The ruins of the Moorish city of Medina Azahara, one of Spain's most important archaeological sites, are a few miles outside Cordoba. The city was built in the 10th century to house up to 12,000 people. The ruins are difficult to reach by public transport; the tourist office can give you bus times, but there's a two-mile walk at the other end. Guided bus trips are organised daily by Vision (00 34 957 76 02 41), departing from the Avenida del Alcazar.


Cordoba is not great for stylish shopping, but browse in and around the Bulevar del Gran Capitan, a pleasant pedestrianised area. And there are plenty of shops in the streets between Avenida de los Tejares and Calle Conde de Gondomar.


For a really local drink, order a glass of the white wine from Montilla-Moriles; some of it is fortified, so don't be surprised if it is stronger than you bargained for! The Calle Velazquez Bosco is full of little bars: look out for the taberna or meson signs.


The smartest dinner in town can be ordered at the Almudaina, on Jardines de los Santos Martires (00 34 957 47 43 42); try for a table in the inner courtyard,decorated with trailing plants. The menu includes many local specialities, including salmorejo, a cold garlicky soup topped with crumbled hard-boiled egg and ham, and rabo de toro a la cordobesa, a stew. Another option is El Churrasco on Calle Romero (00 34 957 29 08 19). It's popular with the locals, so book in advance. The entrance is up a small alley; there is a separate entrance to the bar on Calle Romero. The menu is mainly meat dishes, but there are fish options.


In addition to its Christian and Muslim populations, Cordoba has always had a flourishing Jewish community, which traditionally lived in the Juderia. This area of narrow streets and low, white buildings is lovely for a wander. The old synagogue on the district's main street, Judios, is still open to the public (Tue-Sat 10am-2pm and 3.30-5.30pm, Sun 10am-1.30pm), although it is no longer used for worship. On the same street is a 12th-century house where the ancient trade of papermaking is remembered, and the Museum of Bullfighting (open Tue-Sat 10am-2pm, 5.30-7.70pm; Sun 9.30am-2.30pm), nearby in the Plazuela de Maimonides, is another of the district's attractions.


Because of the tradition of eating late, most restaurants don't open up early enough for brunch, so you will have to look for a café if you want something to eat before midday. A good option is the Rincon de Carmen at 4 Calle Romero (00 34 957 29 10 55), close to El Churrasco; if the restaurant is still closed when you get there, the café will be happy to find you a table.

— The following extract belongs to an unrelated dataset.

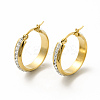 Crystal Rhinestone Hoop Earrings EJEW-M214-16B-G-2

The gardens surrounding the Alcazar (open Tue-Sat 10am-2pm, 5.30-7.30pm, Sun 9.30am-3pm), Cordoba's old Moorish palace, are among the most beautiful in Spain. The Alcazar itself is worth a visit, with its Arab baths, and display of excavated Roman mosaics nearby. But the gardens are the highlight: there are formal pools, shady avenues, manicured hedges, and a seemingly endless display of brightly coloured flowers. Visitors are free to wander wherever they like, and the overall effect can be enjoyed from a terrace near the palace itself.

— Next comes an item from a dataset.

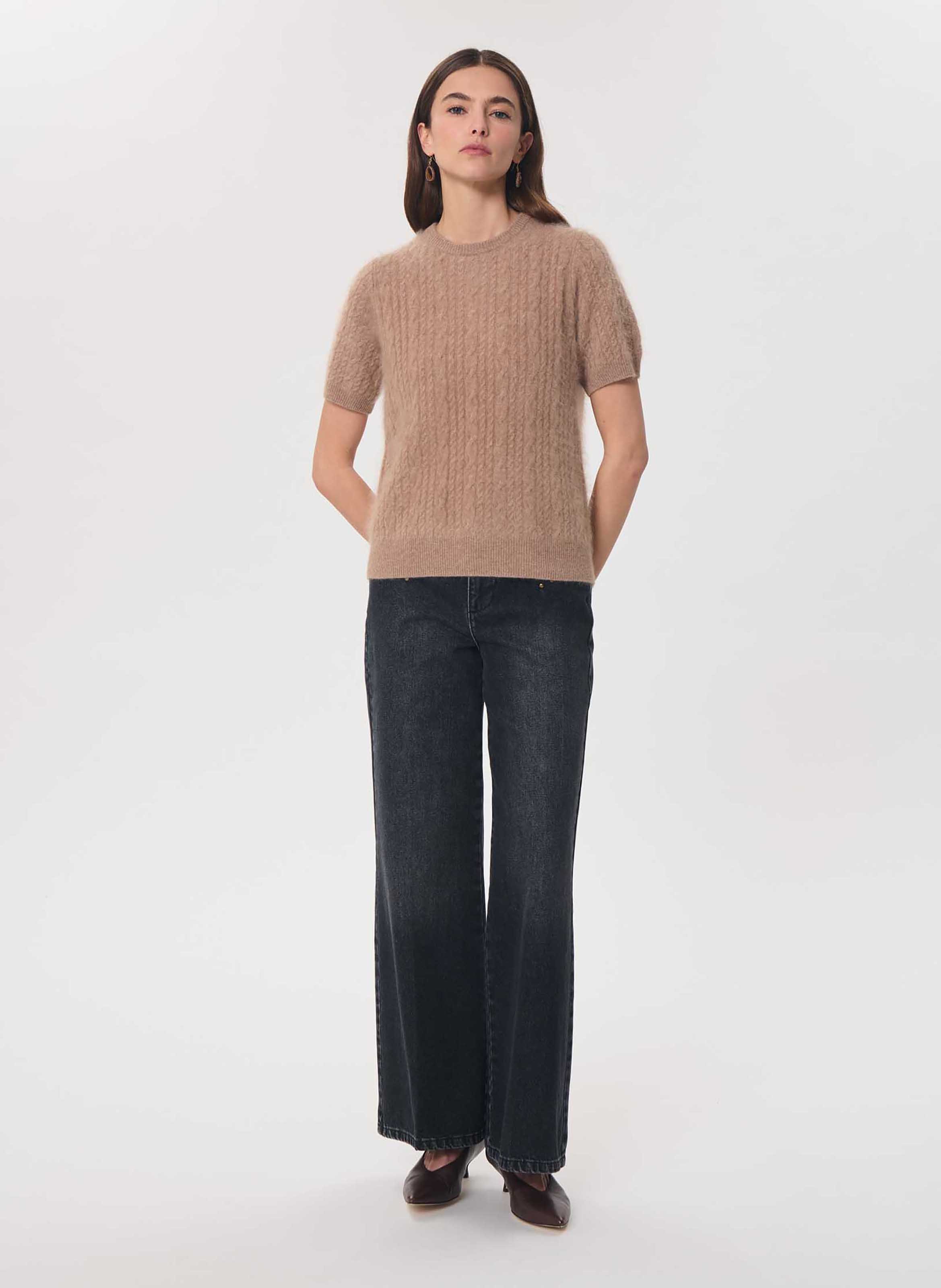Pull pamela TARA JARMON Marron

Never mind all the historical stuff: write home from Cordoba's literary centre – and, coincidentally, one of its loveliest squares. The Plaza del Potro was mentioned in Cervantes' novel Don Quixote. On one side of the square is the Posada del Potro, no longer functioning as an inn, as it did in the early 17th century. Opposite, and sharing a courtyard, are two of Cordoba's most interesting museums, Fine Arts and Juan Romero de Torres, both of which have displays of local paintings.